• EXERCISE AIM: Restate the data word for word and leave the images out.

• DATA BLOCK:
== Segment start ==

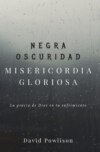 Negra oscuridad, misericordia gloriosa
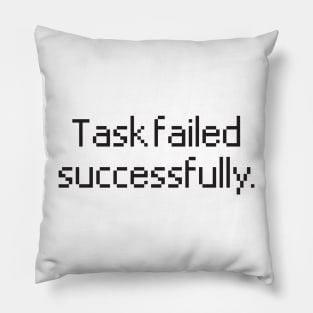 Task failed successfully white Pillow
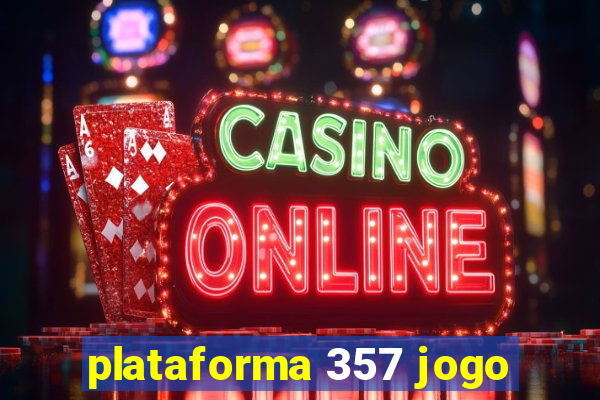 plataforma 357 jogo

== Segment end ==

• SOLUTION:
 Negra oscuridad, misericordia gloriosa
 Task failed successfully white Pillow
 plataforma 357 jogo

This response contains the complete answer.